* _Exercise goal_: What follows is a set of entries; retype all of them exactly.

[Opening Supplied records section]

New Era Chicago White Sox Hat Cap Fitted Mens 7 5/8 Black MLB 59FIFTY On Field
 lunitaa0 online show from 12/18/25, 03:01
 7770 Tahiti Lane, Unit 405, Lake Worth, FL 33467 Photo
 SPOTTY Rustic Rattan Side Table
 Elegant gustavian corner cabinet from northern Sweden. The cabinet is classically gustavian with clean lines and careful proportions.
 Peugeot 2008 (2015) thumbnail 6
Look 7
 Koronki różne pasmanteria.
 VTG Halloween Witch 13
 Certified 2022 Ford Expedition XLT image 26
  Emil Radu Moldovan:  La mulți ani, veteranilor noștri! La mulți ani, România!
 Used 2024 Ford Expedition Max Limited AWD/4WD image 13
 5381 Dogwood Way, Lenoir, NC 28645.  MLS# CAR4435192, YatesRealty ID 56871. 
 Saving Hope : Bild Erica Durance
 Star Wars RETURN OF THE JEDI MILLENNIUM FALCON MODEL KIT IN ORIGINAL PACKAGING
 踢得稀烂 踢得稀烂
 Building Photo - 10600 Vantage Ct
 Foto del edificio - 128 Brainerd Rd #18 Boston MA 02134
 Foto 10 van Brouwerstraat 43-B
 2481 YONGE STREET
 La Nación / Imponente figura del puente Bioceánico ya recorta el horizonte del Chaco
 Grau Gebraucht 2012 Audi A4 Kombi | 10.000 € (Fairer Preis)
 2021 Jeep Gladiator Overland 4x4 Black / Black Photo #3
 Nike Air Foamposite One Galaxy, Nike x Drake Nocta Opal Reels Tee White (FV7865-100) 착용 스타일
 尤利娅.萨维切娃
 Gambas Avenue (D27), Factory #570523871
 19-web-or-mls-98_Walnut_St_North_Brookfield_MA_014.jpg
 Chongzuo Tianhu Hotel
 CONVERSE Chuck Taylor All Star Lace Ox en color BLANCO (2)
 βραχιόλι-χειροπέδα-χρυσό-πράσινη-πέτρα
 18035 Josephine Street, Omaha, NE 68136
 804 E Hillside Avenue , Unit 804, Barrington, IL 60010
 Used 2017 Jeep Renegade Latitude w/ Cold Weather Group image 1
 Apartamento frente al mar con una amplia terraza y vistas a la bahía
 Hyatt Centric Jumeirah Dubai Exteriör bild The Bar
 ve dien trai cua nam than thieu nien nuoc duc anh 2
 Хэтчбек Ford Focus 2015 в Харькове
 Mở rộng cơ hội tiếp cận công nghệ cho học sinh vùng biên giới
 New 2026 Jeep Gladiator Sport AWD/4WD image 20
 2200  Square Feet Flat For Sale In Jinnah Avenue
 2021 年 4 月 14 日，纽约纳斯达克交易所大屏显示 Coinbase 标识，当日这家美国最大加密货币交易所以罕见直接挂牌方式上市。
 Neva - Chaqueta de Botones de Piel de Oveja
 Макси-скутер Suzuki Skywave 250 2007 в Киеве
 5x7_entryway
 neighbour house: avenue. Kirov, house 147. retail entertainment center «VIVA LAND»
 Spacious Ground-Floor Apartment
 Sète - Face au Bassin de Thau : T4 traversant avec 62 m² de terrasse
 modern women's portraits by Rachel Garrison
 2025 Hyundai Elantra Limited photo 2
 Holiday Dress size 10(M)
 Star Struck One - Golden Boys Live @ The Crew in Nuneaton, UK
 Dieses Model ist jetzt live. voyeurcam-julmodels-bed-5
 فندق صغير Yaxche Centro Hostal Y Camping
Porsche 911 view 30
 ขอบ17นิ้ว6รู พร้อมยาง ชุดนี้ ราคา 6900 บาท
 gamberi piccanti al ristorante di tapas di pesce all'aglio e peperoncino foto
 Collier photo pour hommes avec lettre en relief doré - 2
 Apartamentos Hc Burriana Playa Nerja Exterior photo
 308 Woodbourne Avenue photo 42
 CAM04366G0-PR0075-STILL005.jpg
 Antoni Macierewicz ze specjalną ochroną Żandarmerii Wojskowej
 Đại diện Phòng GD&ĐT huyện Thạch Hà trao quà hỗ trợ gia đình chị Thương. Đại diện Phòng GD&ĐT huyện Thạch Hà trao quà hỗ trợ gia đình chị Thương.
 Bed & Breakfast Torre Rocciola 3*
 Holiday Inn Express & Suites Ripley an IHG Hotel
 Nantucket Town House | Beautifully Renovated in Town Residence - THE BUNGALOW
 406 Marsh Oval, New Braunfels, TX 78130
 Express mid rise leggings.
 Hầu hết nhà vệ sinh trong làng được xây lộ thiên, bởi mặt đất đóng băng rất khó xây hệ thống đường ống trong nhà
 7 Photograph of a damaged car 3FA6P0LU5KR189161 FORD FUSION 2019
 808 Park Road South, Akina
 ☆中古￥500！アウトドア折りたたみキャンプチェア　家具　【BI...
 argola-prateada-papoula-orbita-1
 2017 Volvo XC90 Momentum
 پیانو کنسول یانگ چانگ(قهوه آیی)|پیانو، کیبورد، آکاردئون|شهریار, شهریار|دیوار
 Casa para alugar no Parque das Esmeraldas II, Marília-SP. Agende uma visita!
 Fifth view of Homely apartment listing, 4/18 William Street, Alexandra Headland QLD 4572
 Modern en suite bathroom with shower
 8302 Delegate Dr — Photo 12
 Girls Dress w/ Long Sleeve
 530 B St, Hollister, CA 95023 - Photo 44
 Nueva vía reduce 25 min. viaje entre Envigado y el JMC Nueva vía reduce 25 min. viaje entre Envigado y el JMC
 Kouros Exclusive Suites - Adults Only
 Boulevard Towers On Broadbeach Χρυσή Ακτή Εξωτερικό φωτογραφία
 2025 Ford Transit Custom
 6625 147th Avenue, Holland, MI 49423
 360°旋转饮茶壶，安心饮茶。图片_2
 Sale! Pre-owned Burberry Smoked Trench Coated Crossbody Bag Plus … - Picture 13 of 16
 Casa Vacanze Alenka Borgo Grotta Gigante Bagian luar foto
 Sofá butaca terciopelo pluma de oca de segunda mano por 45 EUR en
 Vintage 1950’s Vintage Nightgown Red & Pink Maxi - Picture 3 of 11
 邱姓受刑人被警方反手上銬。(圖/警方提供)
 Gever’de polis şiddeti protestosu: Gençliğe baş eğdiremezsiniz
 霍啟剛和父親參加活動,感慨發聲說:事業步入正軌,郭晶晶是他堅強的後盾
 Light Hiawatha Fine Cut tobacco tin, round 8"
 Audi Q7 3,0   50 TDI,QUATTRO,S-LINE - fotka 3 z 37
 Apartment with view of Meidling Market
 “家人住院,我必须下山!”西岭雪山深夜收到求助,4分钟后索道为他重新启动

[Closing Supplied records section]

* _Task answer_:
New Era Chicago White Sox Hat Cap Fitted Mens 7 5/8 Black MLB 59FIFTY On Field
 lunitaa0 online show from 12/18/25, 03:01
 7770 Tahiti Lane, Unit 405, Lake Worth, FL 33467 Photo
 SPOTTY Rustic Rattan Side Table
 Elegant gustavian corner cabinet from northern Sweden. The cabinet is classically gustavian with clean lines and careful proportions.
 Peugeot 2008 (2015) thumbnail 6
Look 7
 Koronki różne pasmanteria.
 VTG Halloween Witch 13
 Certified 2022 Ford Expedition XLT image 26
  Emil Radu Moldovan:  La mulți ani, veteranilor noștri! La mulți ani, România!
 Used 2024 Ford Expedition Max Limited AWD/4WD image 13
 5381 Dogwood Way, Lenoir, NC 28645.  MLS# CAR4435192, YatesRealty ID 56871. 
 Saving Hope : Bild Erica Durance
 Star Wars RETURN OF THE JEDI MILLENNIUM FALCON MODEL KIT IN ORIGINAL PACKAGING
 踢得稀烂 踢得稀烂
 Building Photo - 10600 Vantage Ct
 Foto del edificio - 128 Brainerd Rd #18 Boston MA 02134
 Foto 10 van Brouwerstraat 43-B
 2481 YONGE STREET
 La Nación / Imponente figura del puente Bioceánico ya recorta el horizonte del Chaco
 Grau Gebraucht 2012 Audi A4 Kombi | 10.000 € (Fairer Preis)
 2021 Jeep Gladiator Overland 4x4 Black / Black Photo #3
 Nike Air Foamposite One Galaxy, Nike x Drake Nocta Opal Reels Tee White (FV7865-100) 착용 스타일
 尤利娅.萨维切娃
 Gambas Avenue (D27), Factory #570523871
 19-web-or-mls-98_Walnut_St_North_Brookfield_MA_014.jpg
 Chongzuo Tianhu Hotel
 CONVERSE Chuck Taylor All Star Lace Ox en color BLANCO (2)
 βραχιόλι-χειροπέδα-χρυσό-πράσινη-πέτρα
 18035 Josephine Street, Omaha, NE 68136
 804 E Hillside Avenue , Unit 804, Barrington, IL 60010
 Used 2017 Jeep Renegade Latitude w/ Cold Weather Group image 1
 Apartamento frente al mar con una amplia terraza y vistas a la bahía
 Hyatt Centric Jumeirah Dubai Exteriör bild The Bar
 ve dien trai cua nam than thieu nien nuoc duc anh 2
 Хэтчбек Ford Focus 2015 в Харькове
 Mở rộng cơ hội tiếp cận công nghệ cho học sinh vùng biên giới
 New 2026 Jeep Gladiator Sport AWD/4WD image 20
 2200  Square Feet Flat For Sale In Jinnah Avenue
 2021 年 4 月 14 日，纽约纳斯达克交易所大屏显示 Coinbase 标识，当日这家美国最大加密货币交易所以罕见直接挂牌方式上市。
 Neva - Chaqueta de Botones de Piel de Oveja
 Макси-скутер Suzuki Skywave 250 2007 в Киеве
 5x7_entryway
 neighbour house: avenue. Kirov, house 147. retail entertainment center «VIVA LAND»
 Spacious Ground-Floor Apartment
 Sète - Face au Bassin de Thau : T4 traversant avec 62 m² de terrasse
 modern women's portraits by Rachel Garrison
 2025 Hyundai Elantra Limited photo 2
 Holiday Dress size 10(M)
 Star Struck One - Golden Boys Live @ The Crew in Nuneaton, UK
 Dieses Model ist jetzt live. voyeurcam-julmodels-bed-5
 فندق صغير Yaxche Centro Hostal Y Camping
Porsche 911 view 30
 ขอบ17นิ้ว6รู พร้อมยาง ชุดนี้ ราคา 6900 บาท
 gamberi piccanti al ristorante di tapas di pesce all'aglio e peperoncino foto
 Collier photo pour hommes avec lettre en relief doré - 2
 Apartamentos Hc Burriana Playa Nerja Exterior photo
 308 Woodbourne Avenue photo 42
 CAM04366G0-PR0075-STILL005.jpg
 Antoni Macierewicz ze specjalną ochroną Żandarmerii Wojskowej
 Đại diện Phòng GD&ĐT huyện Thạch Hà trao quà hỗ trợ gia đình chị Thương. Đại diện Phòng GD&ĐT huyện Thạch Hà trao quà hỗ trợ gia đình chị Thương.
 Bed & Breakfast Torre Rocciola 3*
 Holiday Inn Express & Suites Ripley an IHG Hotel
 Nantucket Town House | Beautifully Renovated in Town Residence - THE BUNGALOW
 406 Marsh Oval, New Braunfels, TX 78130
 Express mid rise leggings.
 Hầu hết nhà vệ sinh trong làng được xây lộ thiên, bởi mặt đất đóng băng rất khó xây hệ thống đường ống trong nhà
 7 Photograph of a damaged car 3FA6P0LU5KR189161 FORD FUSION 2019
 808 Park Road South, Akina
 ☆中古￥500！アウトドア折りたたみキャンプチェア　家具　【BI...
 argola-prateada-papoula-orbita-1
 2017 Volvo XC90 Momentum
 پیانو کنسول یانگ چانگ(قهوه آیی)|پیانو، کیبورد، آکاردئون|شهریار, شهریار|دیوار
 Casa para alugar no Parque das Esmeraldas II, Marília-SP. Agende uma visita!
 Fifth view of Homely apartment listing, 4/18 William Street, Alexandra Headland QLD 4572
 Modern en suite bathroom with shower
 8302 Delegate Dr — Photo 12
 Girls Dress w/ Long Sleeve
 530 B St, Hollister, CA 95023 - Photo 44
 Nueva vía reduce 25 min. viaje entre Envigado y el JMC Nueva vía reduce 25 min. viaje entre Envigado y el JMC
 Kouros Exclusive Suites - Adults Only
 Boulevard Towers On Broadbeach Χρυσή Ακτή Εξωτερικό φωτογραφία
 2025 Ford Transit Custom
 6625 147th Avenue, Holland, MI 49423
 360°旋转饮茶壶，安心饮茶。图片_2
 Sale! Pre-owned Burberry Smoked Trench Coated Crossbody Bag Plus … - Picture 13 of 16
 Casa Vacanze Alenka Borgo Grotta Gigante Bagian luar foto
 Sofá butaca terciopelo pluma de oca de segunda mano por 45 EUR en
 Vintage 1950’s Vintage Nightgown Red & Pink Maxi - Picture 3 of 11
 邱姓受刑人被警方反手上銬。(圖/警方提供)
 Gever’de polis şiddeti protestosu: Gençliğe baş eğdiremezsiniz
 霍啟剛和父親參加活動,感慨發聲說:事業步入正軌,郭晶晶是他堅強的後盾
 Light Hiawatha Fine Cut tobacco tin, round 8"
 Audi Q7 3,0   50 TDI,QUATTRO,S-LINE - fotka 3 z 37
 Apartment with view of Meidling Market
 “家人住院,我必须下山!”西岭雪山深夜收到求助,4分钟后索道为他重新启动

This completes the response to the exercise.